Data

————

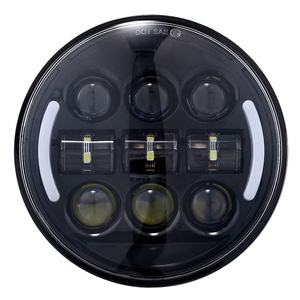 Moto Auto Motorcycle 5,75 "LED-Scheinwerfer für Harley Davidson Rocker C 2008-2011 Fernlicht Scheinwerfer Halo - Product Image 1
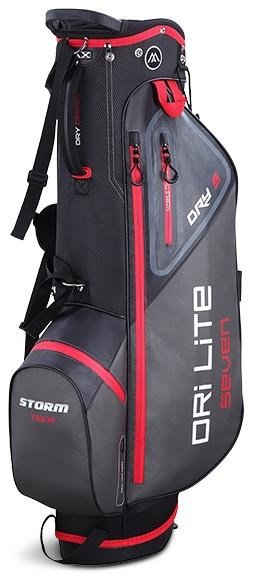 Big Max Dri Lite Seven G stand bag, negro/rojo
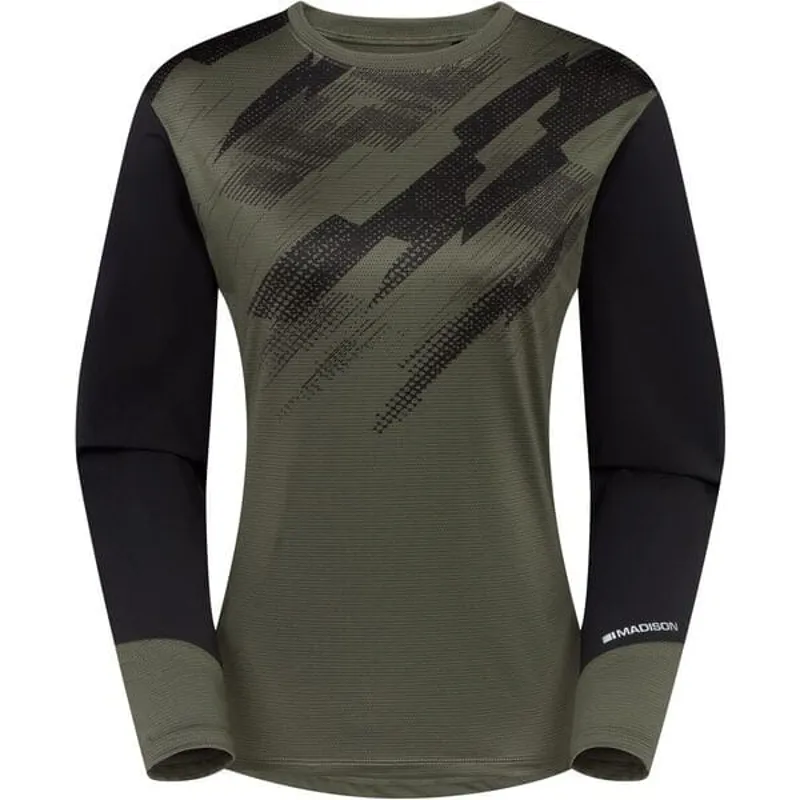Madison Flux Women's Long Sleeve Trail Jersey - Midnight Green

————

Problem statement
Except for the pictures, return every line of the material exactly.

Written response
 Moto Auto Motorcycle 5,75 "LED-Scheinwerfer für Harley Davidson Rocker C 2008-2011 Fernlicht Scheinwerfer Halo - Product Image 1
 Big Max Dri Lite Seven G stand bag, negro/rojo
Madison Flux Women's Long Sleeve Trail Jersey - Midnight Green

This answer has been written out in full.